To Thomas Newton, Jr.
Mount Vernon 9th April 1786.
I have been favored with your letters of the 20th of Jany—24th of Feby & 13th of March—the last of which speaks of a letter written by you to me of the same date—this letter has never got to hand: but I have received in Alexandria the £60—which Messrs Pennock & Skipwith promised to remit me on your accot—as also the Wine from Captn Earle, in very good order.1
My situation, since my retreat from public life, has been such as to put it out of my power to go into an examination & settlement of Accots with that precision which is requisite; & among others, the transactions between the deceased Colo. Lewis & myself stand open. I do not know (from any thing my memory affords) on what account he could draw an order in favor of Henry Mitchell, as I recollect no dealings with that Gentn—but presume it must be right. Nevertheless, if there is an accot annexed to the order, or if the order is expressive of the purpose for which it was drawn, you would do me a favor in transmitting a copy of it.2
I have made several ineffectual applications for my Accot with Mr Hill; but as Dr Stuart is again going into that part of the country in which he lives, I will make one effort more to obtain it—’till this happens I can say nothing with respect to his credits, but will advise you as soon as it is in my power.3
In one of your former letters you intimated that my superfine Flour would sell well in Norfolk, & it was my intention to have consigned you some ’ere this; but as the quantity I make is small, the demand for it in Alexandria has generally kept pace with my manufactory. However I believe it would now be in my power to send you from 50 to 100 barrels, if you thought the present prices in your Town would answer; and that you may be enabled to judge I shall inform you that I have not sold one barrel this year which has not netted at my Mill 38/—cash paid on delivery; & some at 40/—Would it nett the former at Norfolk, free of freight commission & storage?4 Your answer would determine my conduct, & I shall be glad to receive it by the return of the Post. I am Sir &c.
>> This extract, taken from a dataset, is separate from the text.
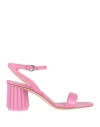 Agl Attilio Giusti Leombruni Pink Leather Sandal With Column Heel In Pink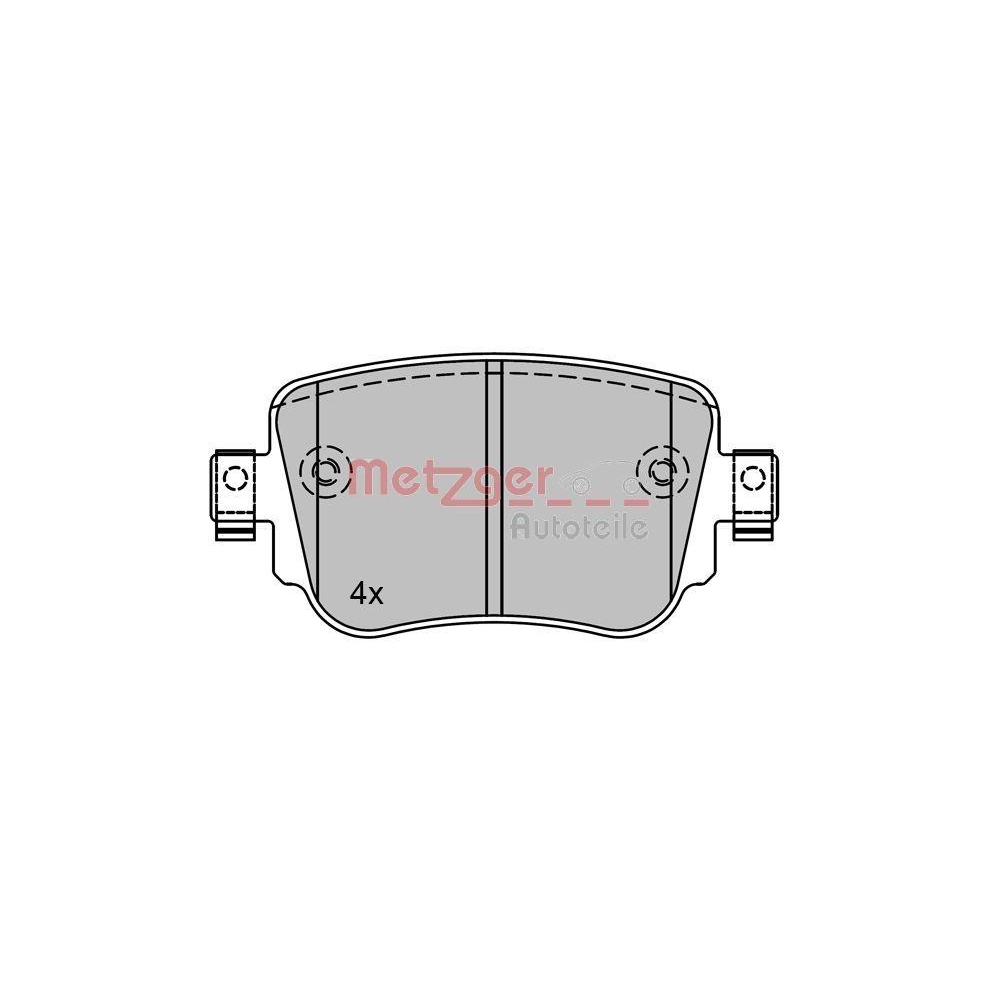 Bremsbelagsatz, Scheibenbremse METZGER 1170792 f&uuml;r VAG, Hinterachse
1. None of these letters from Newton has been found. On 3 Sept. 1785 GW resumed his correspondence with Newton, who before the Revolution had been GW’s agent to sell his flour in Norfolk and in the West Indies. GW wrote in response to Newton’s missing letter of 27 April 1785 in which Newton enclosed his account with GW. GW notes in his account with Newton having received on 25 Feb. 1786 £60 “of Wm Hunter Junr” (Ledger B description begins Manuscript Ledger Book 2, 1772-93, in George Washington Papers, Library of Congress. description ends , 85).
2. In the 1770s GW’s brother-in-law Fielding Lewis, who died in 1782, often handled business matters for him in Williamsburg.